Task goal: Below are entries; output exactly the lines from the one with "Cell Defense Screen Shot 4" to the one with "Herverkoop - 3.", both included, and nothing else.

(Source records)

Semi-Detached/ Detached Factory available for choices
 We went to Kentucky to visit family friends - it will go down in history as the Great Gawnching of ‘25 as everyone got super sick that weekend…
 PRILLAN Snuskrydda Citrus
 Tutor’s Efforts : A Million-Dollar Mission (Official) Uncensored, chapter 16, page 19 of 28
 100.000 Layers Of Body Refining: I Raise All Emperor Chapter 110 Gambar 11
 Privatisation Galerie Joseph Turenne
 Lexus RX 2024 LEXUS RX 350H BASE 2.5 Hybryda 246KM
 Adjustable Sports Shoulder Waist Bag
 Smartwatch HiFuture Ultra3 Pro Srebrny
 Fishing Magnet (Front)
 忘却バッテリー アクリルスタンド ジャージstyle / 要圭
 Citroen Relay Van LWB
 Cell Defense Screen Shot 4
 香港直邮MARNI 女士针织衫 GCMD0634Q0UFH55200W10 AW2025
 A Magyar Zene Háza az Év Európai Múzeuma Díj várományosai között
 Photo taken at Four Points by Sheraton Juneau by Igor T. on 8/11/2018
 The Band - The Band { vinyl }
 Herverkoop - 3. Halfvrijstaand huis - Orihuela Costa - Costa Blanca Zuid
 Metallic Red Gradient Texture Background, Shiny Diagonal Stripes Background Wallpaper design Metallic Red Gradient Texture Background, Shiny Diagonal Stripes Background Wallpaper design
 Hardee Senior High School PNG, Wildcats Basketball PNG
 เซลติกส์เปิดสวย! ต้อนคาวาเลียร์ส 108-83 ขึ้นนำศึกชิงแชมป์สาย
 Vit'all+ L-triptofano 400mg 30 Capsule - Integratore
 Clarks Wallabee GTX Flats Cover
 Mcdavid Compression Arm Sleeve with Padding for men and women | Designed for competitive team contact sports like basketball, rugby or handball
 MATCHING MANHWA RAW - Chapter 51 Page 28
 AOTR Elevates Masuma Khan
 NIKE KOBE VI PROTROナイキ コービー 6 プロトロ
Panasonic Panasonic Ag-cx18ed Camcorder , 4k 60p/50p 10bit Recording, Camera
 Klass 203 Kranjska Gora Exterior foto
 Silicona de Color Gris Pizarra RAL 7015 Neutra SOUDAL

Solved exercise:
 Cell Defense Screen Shot 4
 香港直邮MARNI 女士针织衫 GCMD0634Q0UFH55200W10 AW2025
 A Magyar Zene Háza az Év Európai Múzeuma Díj várományosai között
 Photo taken at Four Points by Sheraton Juneau by Igor T. on 8/11/2018
 The Band - The Band { vinyl }
 Herverkoop - 3. Halfvrijstaand huis - Orihuela Costa - Costa Blanca Zuid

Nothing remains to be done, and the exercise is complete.